Can I submit my Letters of Recommendation/Evaluation before the AADSAS application opens?

No, Letters of Recommendation and Letters of Evaluation will not be accepted unless they are sent along with the AADSAS “Letter of Evaluation Matching Form”. Once the AADSAS application is submitted, you will be provided with the form to give to all recommenders or to interfolio or similar services offered by most colleges. The form includes a barcode that allows AADSAS to locate and verify your application.

What should I do while I am waiting for dental schools to receive my application?

After submitting your application through AADSAS, check all the websites of the dental schools you are applying to to learn more about their secondary application. Many schools view a secondary application as a REQUIRED supplemental application in order for an application to be viewed. Other schools may send a secondary application after an applicant meets their initial requirements like GPA and DAT scores. You can find basic information (e.g. cost of application and if the application is invite only vs. public) about any dental school’s supplemental application on the ADEA Supplemental Information webpage. Begin filling out any secondary applications that are available. You can find information about supplemental applications before they are released on resources like StudentDoctor.net or from your pre-dental/dental student colleages.

Where can I find supplemental applications for the dental schools I am applying to?

Many schools have a supplemental or secondary application which is a requirement to begin viewing an application. Other schools may send a secondary application after meeting initial requirements like GPA and DAT scores. You can find basic information (e.g. cost of application and if the application is invite only vs. public) about any dental school’s supplemental application on the ADEA Supplemental Information webpage. Begin filling out any secondary applications as soon as they become available.

Supplemental applications that are available openly to all applicants can be found through the dental school’s website. These supplemental applications usually open up around the same time as the AADSAS application. To find out more information about a particular school’s supplemental application, go to the prospecting students section of the website or search the phrase “[dental school name] dental supplemental/secondary application” using a search engine like google. You can also add “Student Doctor Network” to the end of the search phase to read discussions about the secondary/supplemental application from fellow dental school applicants.

Please note that some supplemental applications are invitation only which requires the dental school applicant to pass the initial screening of academic performance before being approved to fill it out.

What if I submit my application immediately, but I am waiting for a letter of recommendation?

Every requirement of the application must be ready in order to have the application viewed by dental school admissions. If any part of the application is missing, the whole application is put on hold until the required pieces are submitted. This most commonly happens due to a late letter recommendation. It is highly recommended that you request a letter of recommendation very early on in the process and give the writer a deadline a few weeks prior to the actual June 4th deadline. This gives you a little safety window in the case that the individual may have forgotten to write the recommendation letter.

The key message to this is that you should have EVERYTHING ready to go!

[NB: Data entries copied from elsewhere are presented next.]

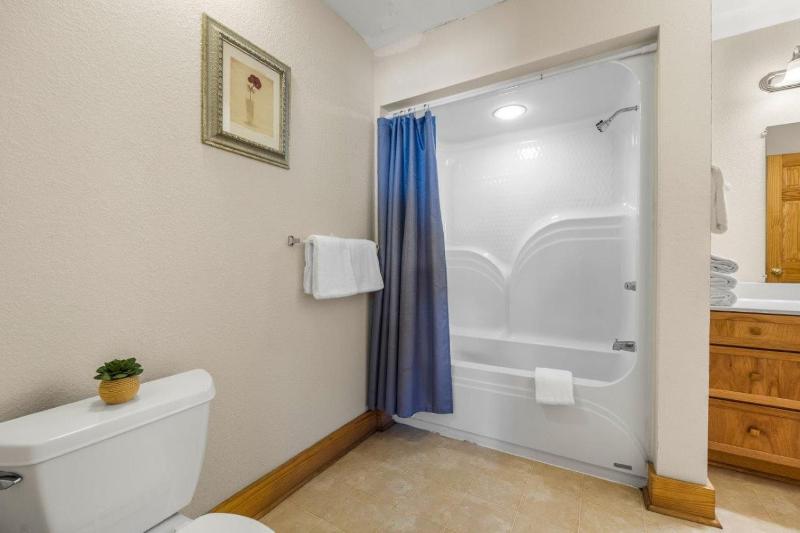 Comfy Condo with Retreat Atmosphere - image 4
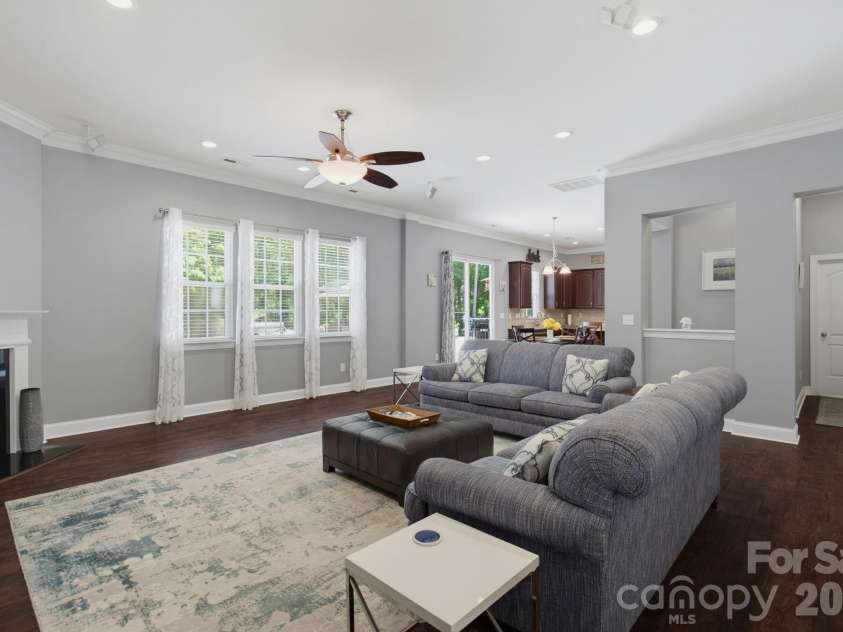 723 Cavendish Lane, Waxhaw, NC 28173.  MLS# CAR4395421, YatesRealty ID 32245. 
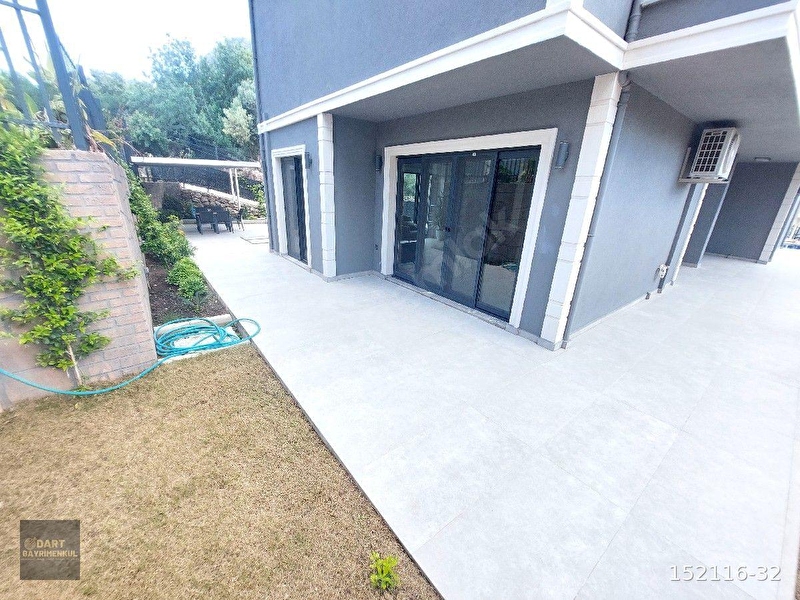 Günlük Kiralık 3 Odalı Villa Muğla Marmaris Gölenye Mahallesi 6 Kişi Kapasiteli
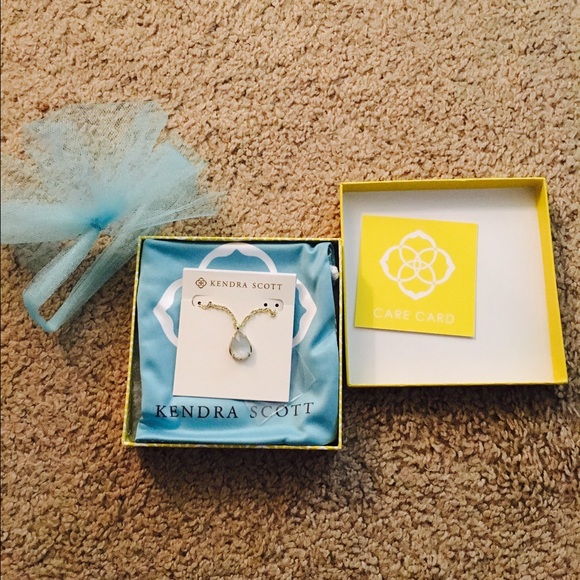 Kendra Scott kiri necklace in slate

That said, if this is no longer an option, it is alright. If the letter is a physical copy or is a committee letter of some sort that will be mailed to AADSAS, all you need is the contact information of the letter of recommendation writer/service and AADSAS will provide you with a “Letter of Evaluation Matching Form” that must be included with the letter of recommendation. Give this form to the writer and let them know that your application is on hold until their letter is received by the AADSAS system.

I have a few C’s. Will that prevent me from getting into dental school?

1 or 2 C’s will not hinder your application much. Depending on the difficulty of the class, a C can be considered acceptable.

Can I get into dental school with a failing grade (D or F)?

Yes you can! Make sure to retake the course and get a high grade. Unlike most colleges, dental schools will not replace the failing grade. They will request both the failing grade and the repeat grade. Be prepared to explain why you may have failed the course and what you have done to improve. Do not make excuses!!

What factors make up a strong dental school applicant in the eyes of dental school admissions?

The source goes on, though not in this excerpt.